Due to the pandemic, the USTA decided against holding its usual elaborate U.S. Open draw ceremony with moderator and guests. Just a simple press release announced the draw at noon as Novak Djokovic guns for the Grand Slam and his record 21st major title while the women’s draw goes without either of the Williams sisters for the first time since 2002.
“About 20 different women can win this,’’ one tennis insider said.
Here are four takeaways from the draw for the U.S. Open, which starts Monday at Flushing Meadows:
It gets tough for Novak sooner than later
Djokovic, who has won the first three Slam events, could meet the player he conquered in the Wimbledon finals, Italian Matteo Berrettini, in the quarterfinals. That’s a bad draw because Berrettini won the first set in London before the Serbian plowed through. It could be a long match — which sets up well for the big German Alexander Zverev — the tour’s hottest player. Djokovic would then meet Zverev, who beat him in the Olympics, in the semifinals. The good news for Djokovic is Roger Federer and Rafael Nadal will be home watching, but Djokovic won’t have it easy after no tune-ups following his Olympic disaster.

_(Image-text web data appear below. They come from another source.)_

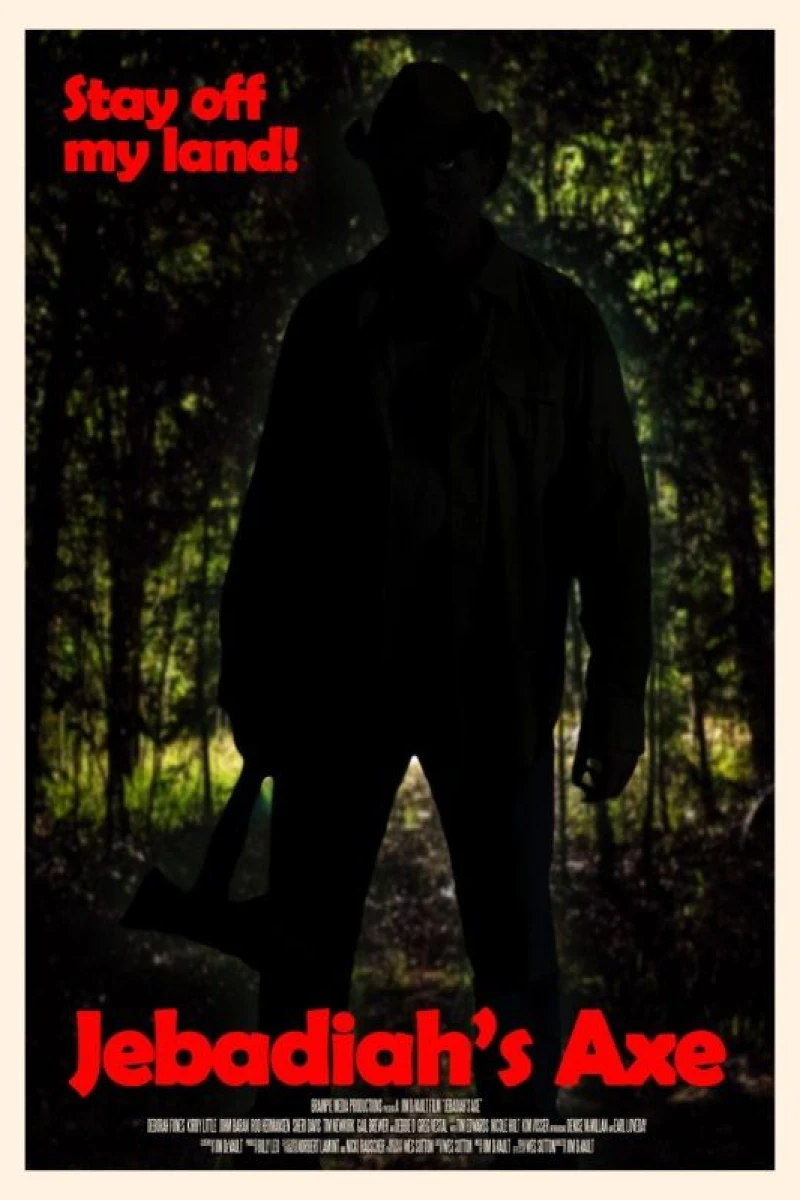 Jebadiah's Axe Poster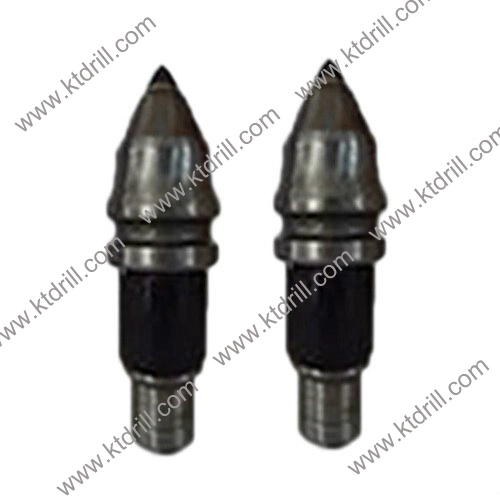 Foundation Drilling Tools Bullet Teeth B47K -60mm Body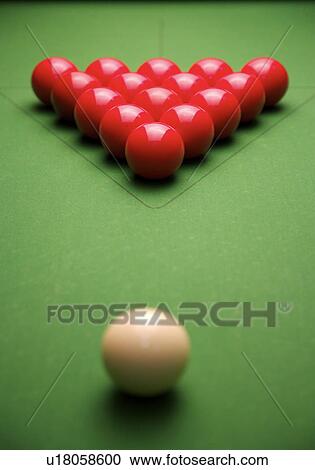 Pool Table and Balls View Large Photo Image Stock Image - Pool Table and Balls. Fotosearch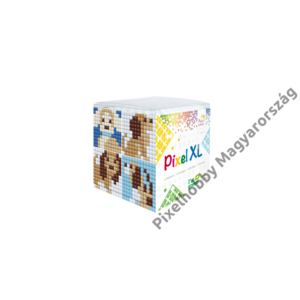 pixel kocka kutya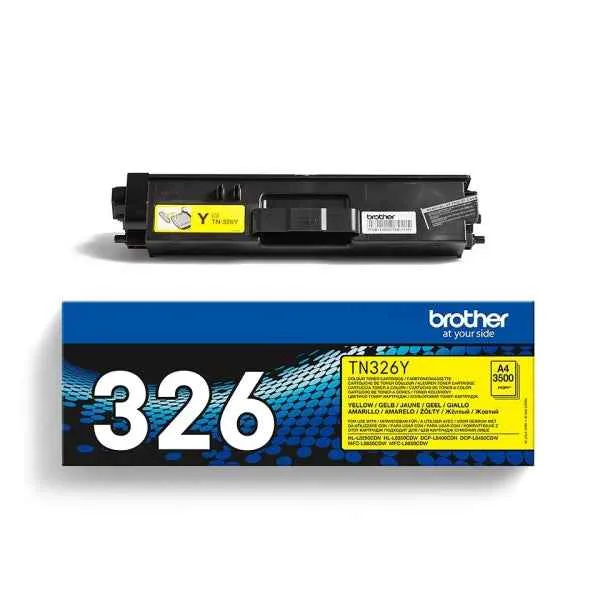 Brother TN326 Amarillo Tóner Original - TN326Y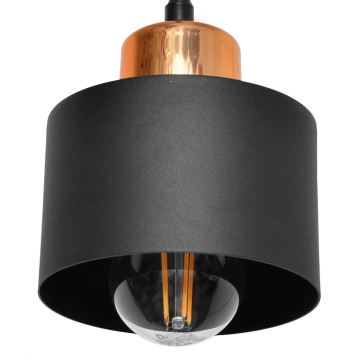 Lestenec na vrvici EDISON 3xE27/60W/230V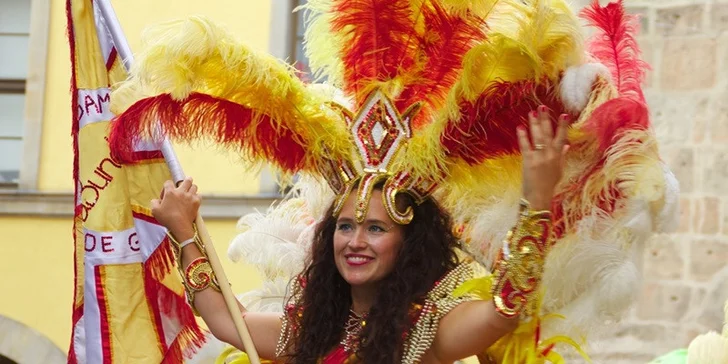 Na největší festival samby v Evropě v termín 11. 7. 2015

Osaka’s journey won’t be easy
After withdrawing from the French Open and Wimbledon and losing to a wild card in the third round in Cincinnati, the form is not where it could be for Naomi Osaka, the defending Open champion. Her first match will be against 86th-ranked Marie Bouzkova. She could face in the fourth round either American hotshot Coco Gauff or former Open champion Angelique Kerber. The good news is she’s on the other side of the draw from the favorite, No. 1 Aussie Ashleigh Barty, who just won in Cincinnati.
Over and Out Andy?
Aside from Djokovic, only two other Open champions are in the field — Andy Murray and Marin Cilic. Murray couldn’t have had a worse break in the draw. He gets the Greek phenom, third-seeded Stefanos Tsitsipas, in the first round. The 34-year-old Murray’s trip to New York may indeed be brief as he’s hardly flashed form from his heyday.
An America Feast
It’s old news that the American men have a long way to go and it’s best to catch them early at the Open and not catch them at all. Case in point: Sam Querrey, who usually has one of the best chances to make a run. Querrey, however, is stuck with a stinker in the first round, having to face the red-hot Zverev. It appears the 6-foot-11 Reilly Opelka, the 22nd seed, is the best bet among American men.
In an all-American match of intrigue on the women’s side, Madison Keys will face Sloane Stephens in the first round. It’s a rematch of the 2017 Open final.